### PROBLEM DESCRIPTION:
From first line to last, write out the data precisely as shown.

### TASK MATERIAL:
■ ■ ■ ■ ■ ■ ■

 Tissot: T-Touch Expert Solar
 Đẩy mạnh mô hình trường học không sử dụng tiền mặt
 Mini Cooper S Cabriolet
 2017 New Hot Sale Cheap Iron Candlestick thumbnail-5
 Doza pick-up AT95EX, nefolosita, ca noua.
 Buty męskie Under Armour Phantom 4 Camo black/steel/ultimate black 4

■ ■ ■ ■ ■ ■ ■

### COMPLETED TASK:
 Tissot: T-Touch Expert Solar
 Đẩy mạnh mô hình trường học không sử dụng tiền mặt
 Mini Cooper S Cabriolet
 2017 New Hot Sale Cheap Iron Candlestick thumbnail-5
 Doza pick-up AT95EX, nefolosita, ca noua.
 Buty męskie Under Armour Phantom 4 Camo black/steel/ultimate black 4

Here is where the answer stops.